Although the results of this research are not as reliable as was hoped, this tool in specific, and machine learning in general, can be of great help once made more reliable. Even the rough prototype created during this research could help the processor to save time by detecting the obvious boulders and smaller, harder to notice objects. Ideally, results will be obtained at just the press of a button, resulting in less manpower required in the processing department, less time to process and, more importantly, more reliable results. Perhaps even more important is that it could also lead to more consistent results across processing datasets as the algorithm provides the same output every time.

The second use for this kind of algorithm is the live detection of boulders. In the case of automated cars, it is possible to display objects that have been detected live to the autonomous system. This can also be achieved for surveying vessels. As the vessel moves and the surveying systems are running, machine learning algorithms can show dangerous or interesting locations to the crew. This could increase safety and awareness of the surroundings. However, the processing time needs to be reduced, as more data is currently accumulated than can be processed in the same time.

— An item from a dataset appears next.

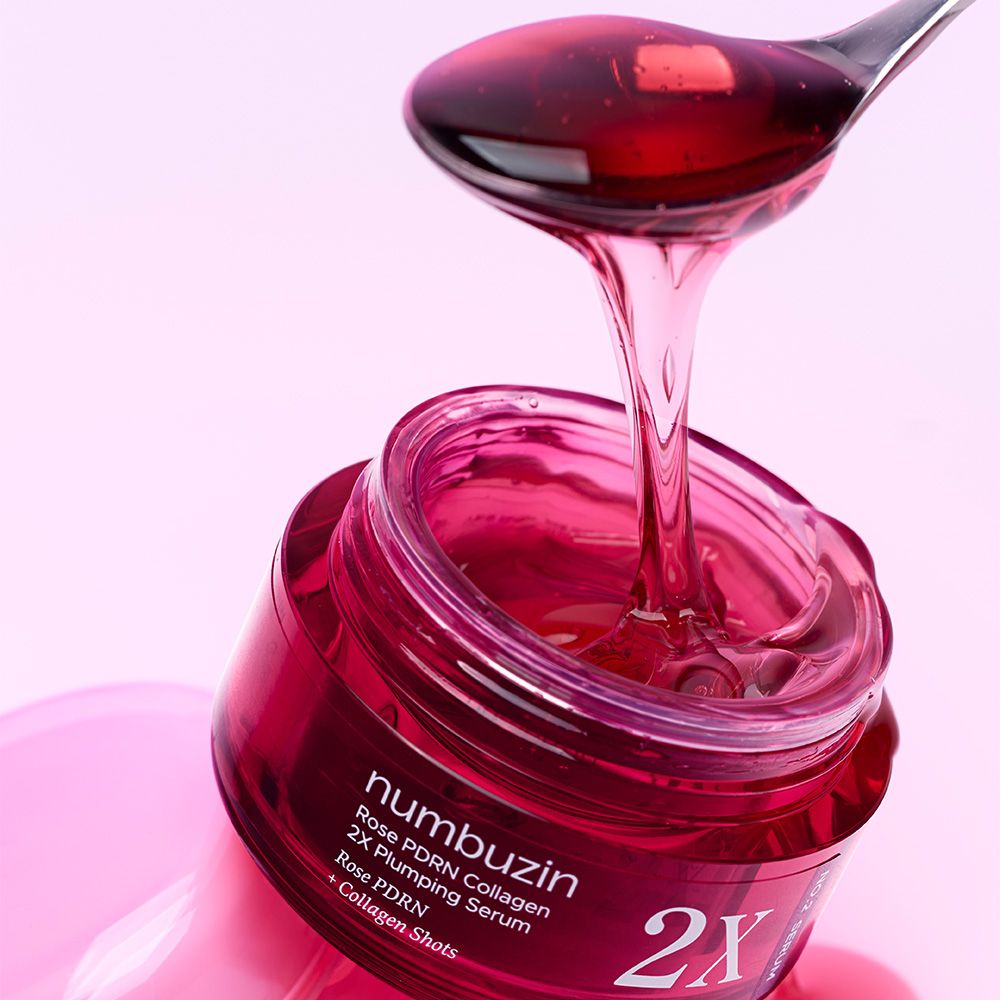 Un cucchiaio di siero NUMBUZIN Rose PDRN Collagen 2X Plumping Serum gocciola in un barattolo rosso aperto.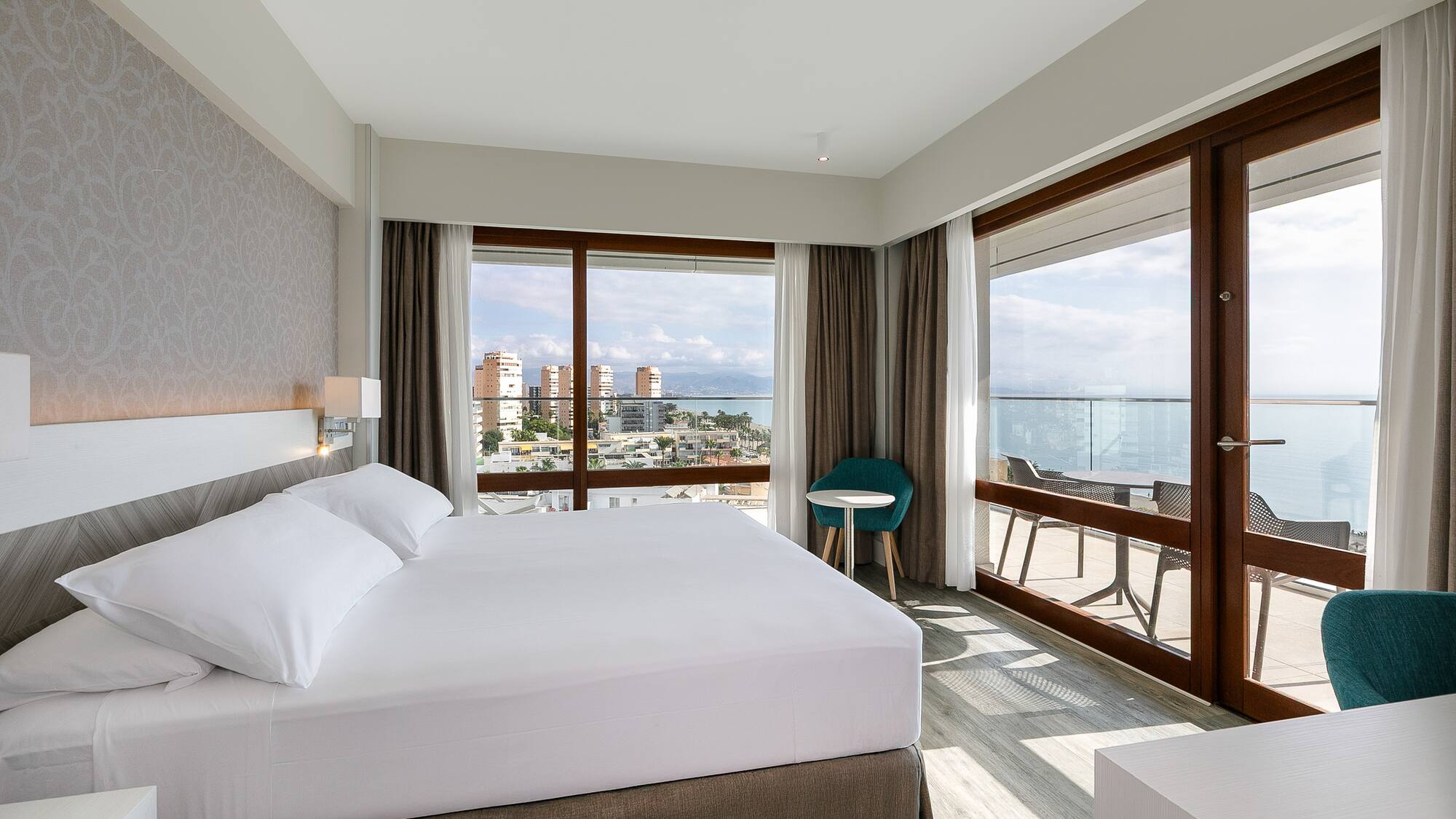 a bedroom with a large bed and a table and chairs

Object detection algorithms already exist, and work by trying to figure out a common property of a certain object. Machine learning could add flexibility, human-like processes and applicability. Machine learning cannot only detect objects, but can also predict locations based on its previous experience, in the same way that a processor finds these locations. It can also use any data property to its advantage, as it can use shape, size and other properties that objects share. This forms a reliable algorithm which can, more than existing filters, present the client with a complete picture. A machine learning algorithm can be trained to detect anything that is deemed important. The training cannot however be done in the field yet, and will therefore require specific adaptations to the software package.

Conclusion

Machine learning seems to have a lot of potential, as it aims to further automate the process of object detection and even show it live as feedback. Applying it to survey routines may yield great improvements in data processing, as well as having other advantages. Before getting to that stage, however, more research is required. The currently presented research forms a small step in this direction.